Exercise requirements — Pictures aside, repeat every entry exactly.

Stored items —
──────
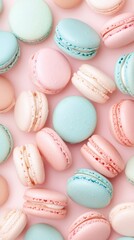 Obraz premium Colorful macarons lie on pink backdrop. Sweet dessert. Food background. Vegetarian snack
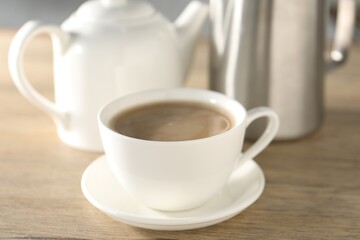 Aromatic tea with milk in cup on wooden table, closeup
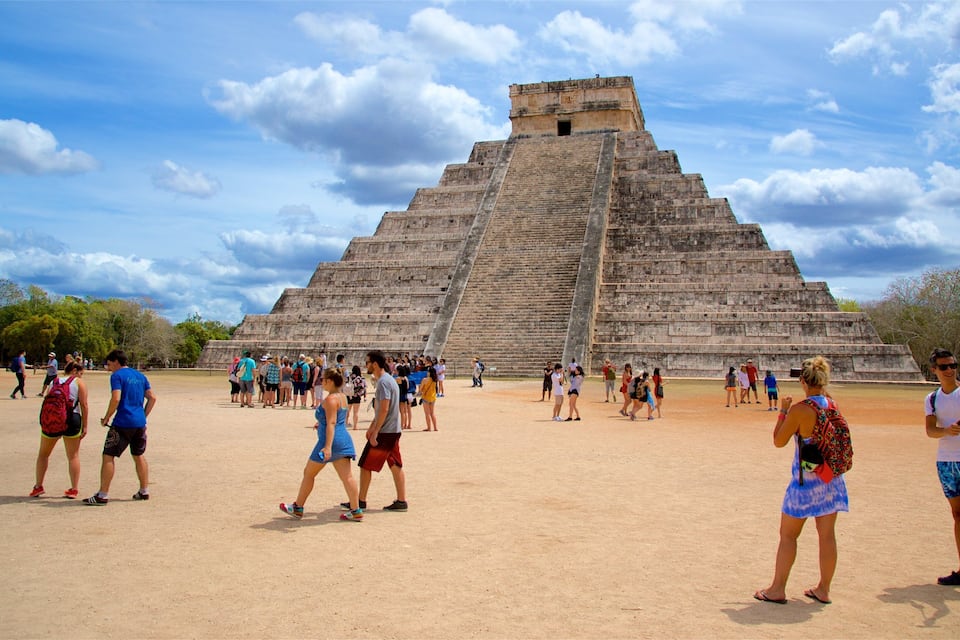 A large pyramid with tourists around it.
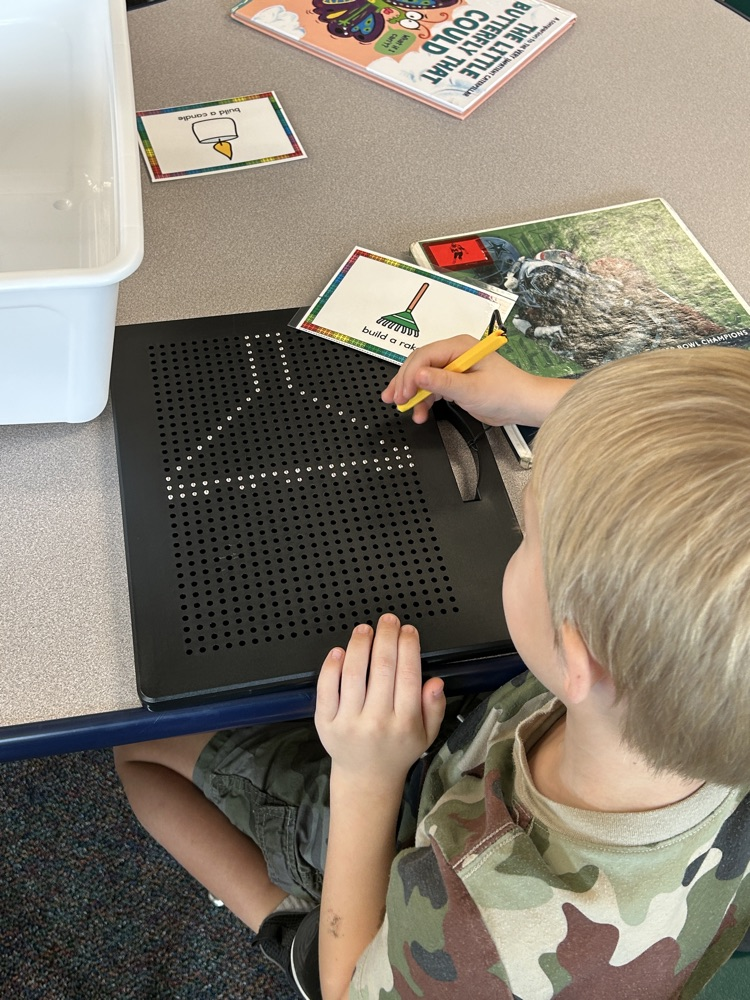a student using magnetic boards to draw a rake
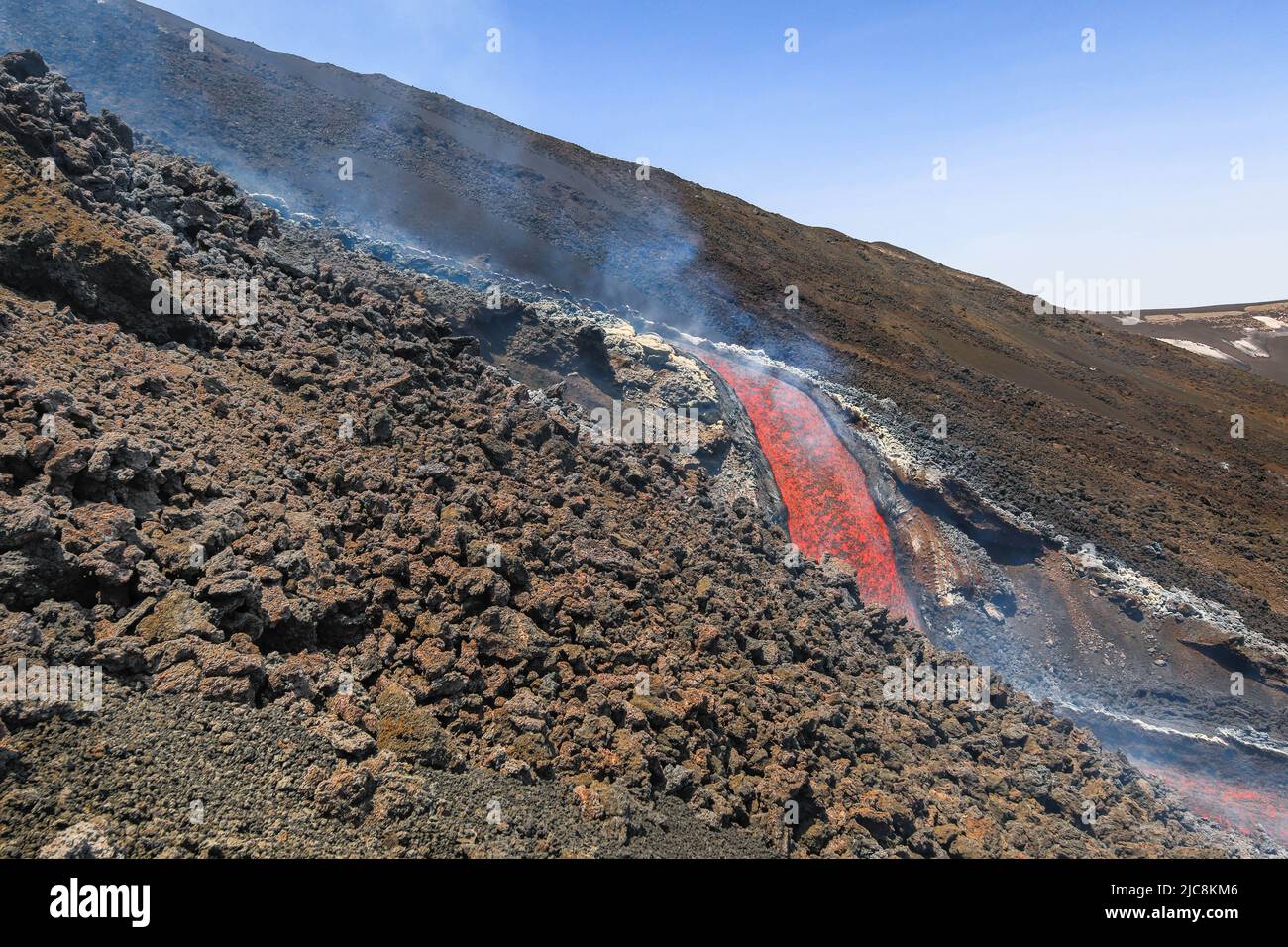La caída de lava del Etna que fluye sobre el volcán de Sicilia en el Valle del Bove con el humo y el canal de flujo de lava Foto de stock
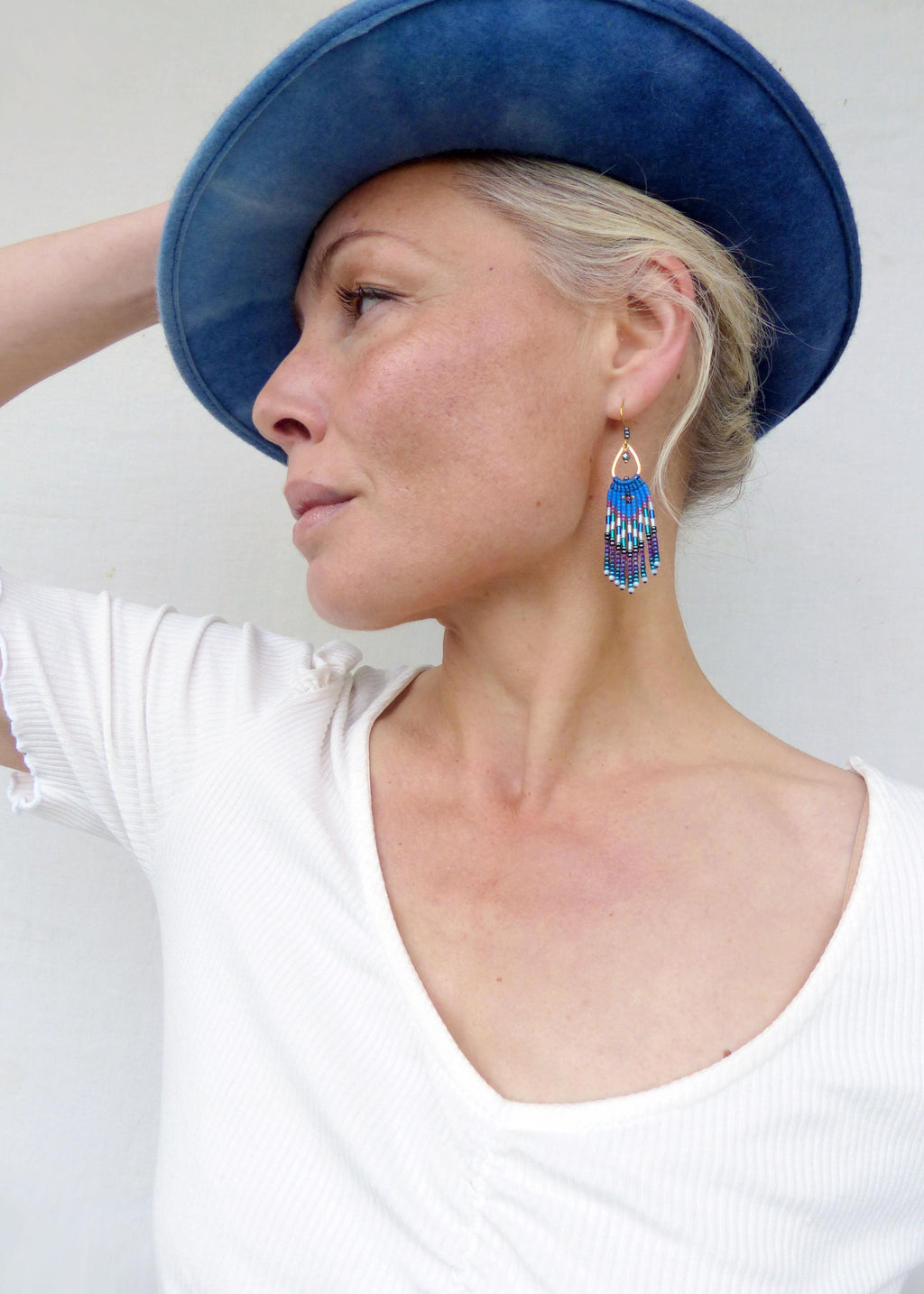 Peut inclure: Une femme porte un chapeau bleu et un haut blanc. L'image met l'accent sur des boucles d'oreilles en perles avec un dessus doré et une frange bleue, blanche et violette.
──────
Your solution —
 Obraz premium Colorful macarons lie on pink backdrop. Sweet dessert. Food background. Vegetarian snack
 Aromatic tea with milk in cup on wooden table, closeup
 A large pyramid with tourists around it.
a student using magnetic boards to draw a rake
La caída de lava del Etna que fluye sobre el volcán de Sicilia en el Valle del Bove con el humo y el canal de flujo de lava Foto de stock
 Peut inclure: Une femme porte un chapeau bleu et un haut blanc. L'image met l'accent sur des boucles d'oreilles en perles avec un dessus doré et une frange bleue, blanche et violette.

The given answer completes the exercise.